ROLF MOWATT-LARSESEN: I have respect, certainly, for how the United States and the West have supported Ukraine to the extent it has from the very beginning and gotten a lot of the problems, the questions right. Answered the questions in the right way for President Biden and for other world leaders by having really good intelligence and anticipating the war's developments I think in a very effective way up to now. So I'm not a critic of either the administration policies or the way the intelligence community is handled. As a matter of fact, I think they're by and large good news stories. My singular point of- it's not really a criticism as much as an observation- is that from the beginning, it's not been clear to me that we know exactly what we're trying to achieve. Are we seeking Putin's defeat? Well, I hear conflicting ideas about that. Fears about what would happen if he were defeated, some of which you can imply from, are implicit from what we've discussed.

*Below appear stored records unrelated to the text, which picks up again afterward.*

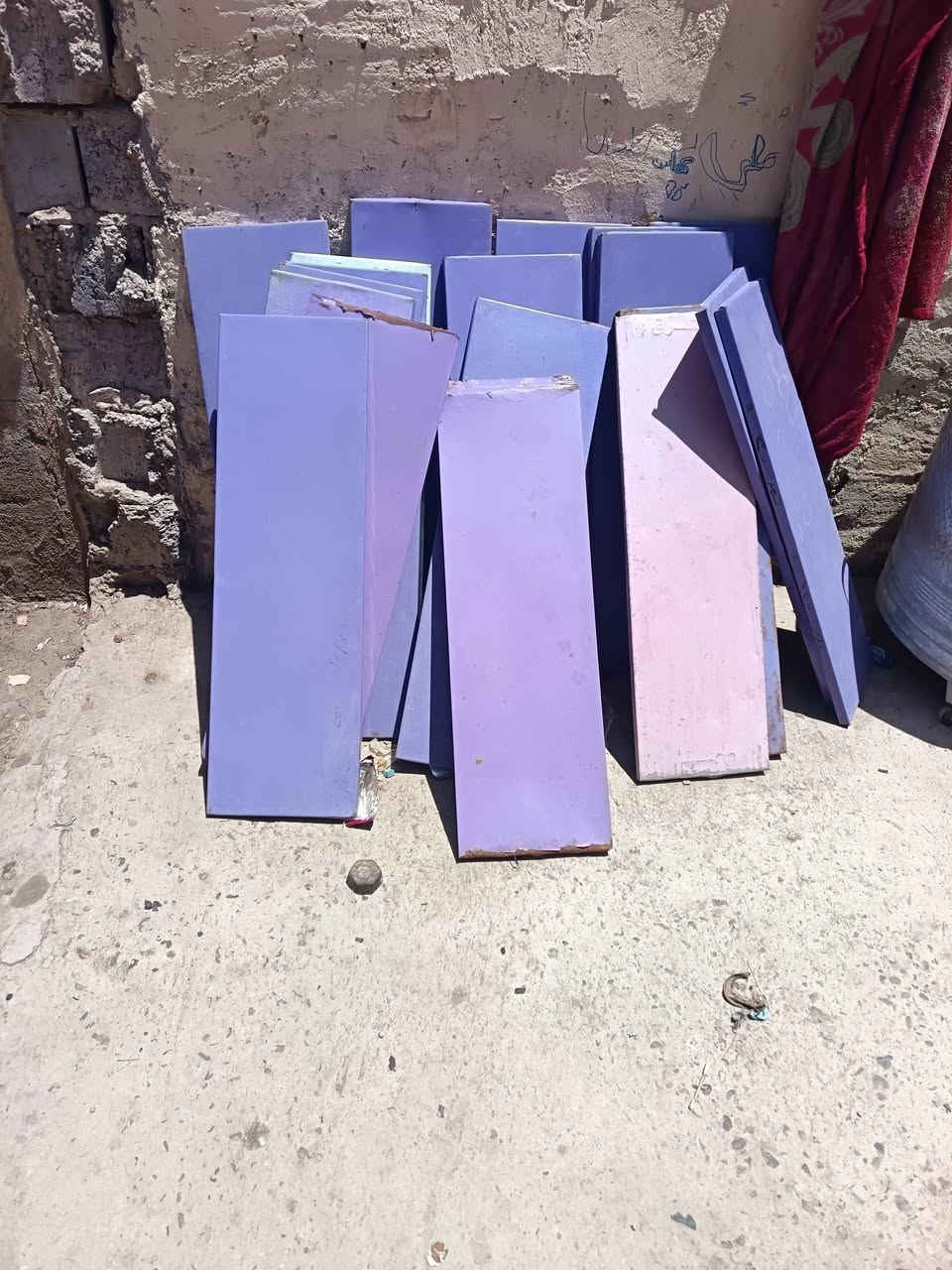 رفوف مال محل انضاف كلش هنا والركايز وبراد جديد ***********سعر البراد 425,000 والركايز واللي يريدهن واللي يريدهن ينتصر وبخير ويدلل هذا رقم صاحبها واني ما عندي نت ولا ارد على الماسنجر وما عندي انترنت مكانهن بغداد جسر الدوار اهالي الصابيات الطيبين يات ***********

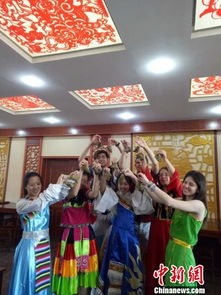 留学生体验中国端午文化活动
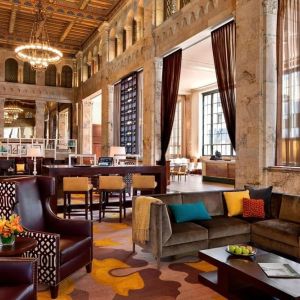 Lounge and coworking space at Courtyard San Diego Downtown.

I also think that our war aims, even in a more tactical sense, have been tempered by a desire not to escalate. So there's a reasonable idea that if you give weapons that escalate the conflict, it could spin out of control. Next thing you know, NATO's in a war and the United States is in a war with U.S. troops on the ground. None of us want that. So the idea was to introduce weapons when we, I hate to use the phrase, felt comfortable that they wouldn't do that. In retrospect, I think a lot of people might agree that we should have introduced things much faster to not prolong the conflict, but shorten the conflict, if you will.
And I think that might have been the effect of taking a more bold position earlier on it. It, of course, drives me crazy if our end goal is to help Ukraine win the war. And I know you and I have discussed this, Michael, 'we're introducing this now. Why didn't we introduce HIMARS as a month earlier, or Patriots or whatever the weapon system is.
And so, yes, that's frustrating. And I hope the administration constantly, and I have to believe they're doing this, reviewing decision making from the standpoint of anticipating events and being as proactive and I would say aggressive as possible, because people are dying every day. And a lot of people are dying every day. So the shorter somehow that we can work together, the U.S. and its partners in the West and other countries, frankly, even those supporting Russia, to shorten the war and get Russia out of Ukraine, the better those two countries will be, including Russia, by the way, and the world. And I think that should be the overarching objective to everything that's being done, is to try to shorten the war, get the two sides to agree on something where Russia can leave and this war is over. And I don't think we do that by prolonging the arms deliveries and the support we give Ukraine. I think we need to very strongly commit to ending this as soon as possible.
MICHAEL MORELL: Rolf, thank you very much for joining us. As always, very insightful. Thank you so much.
ROLF MOWATT-LARSESEN: Thank you, Michael.